The Bahamas has argued this position for some time, with even Inter-American Development Bank (IDB) President Mauricio Claver-Carone contending at the start of his tenure that he would advocate for the changing of the metrics that determine whether or not The Bahamas gets aid from countries and agencies across the world.
LaRoda, who has responsibility for disaster preparedness and emergency response, said yesterday that bilateral meetings during last week’s Commonwealth Heads of Government Meeting in Rwanda revealed to The Bahamas’ delegation that the understanding of this country’s vulnerabilities versus the perceived income bracket is beginning to sink in.

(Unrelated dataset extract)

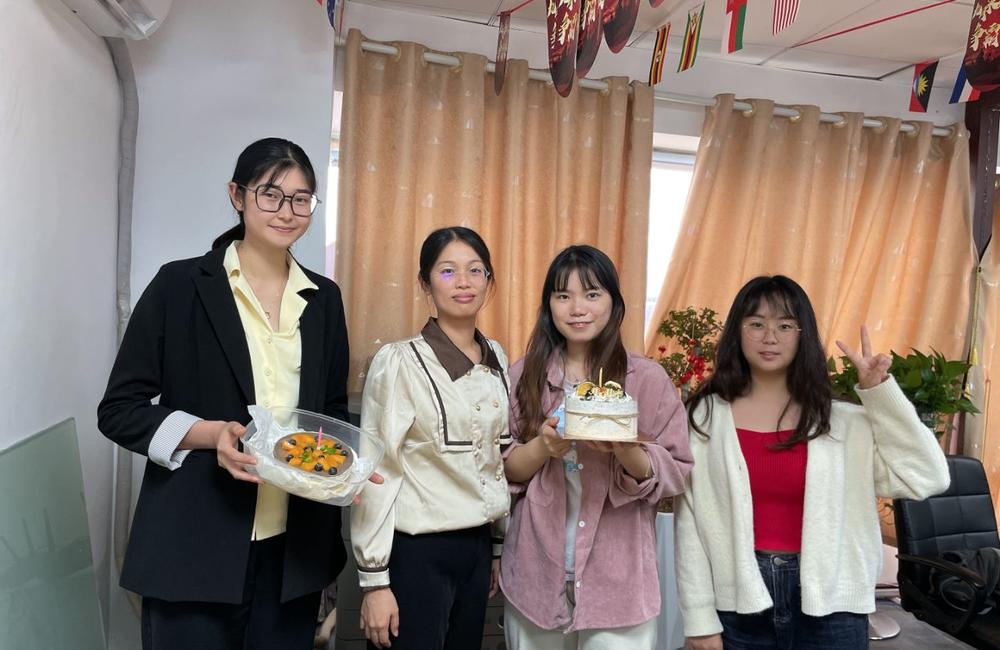 May Employee Birthday Party of Guose Company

“It was basically said that The Bahamas was considered a high-income state, meaning that The Bahamas was not qualified for certain fund granting,” said LaRoda.
“What came out of one of the reports was that using ‘high income’ should not be the metric that determines whether The Bahamas gets funding.
“And I think The Bahamas was the one country that was mentioned… that even though our income may be high, that should not prohibit us from being able to collect grant funding.”
According to LaRoda, countries like The Bahamas and others that have natural environmental vulnerabilities like hurricanes, but are seen to be wealthy countries, will now be open to much more international assistance than before.
“One of the good things that came out of this is that we could now move towards putting these [vulnerable] countries in a position to provide relief for them, because even though they may be considered high-income, they have a lot of vulnerabilities,” he said.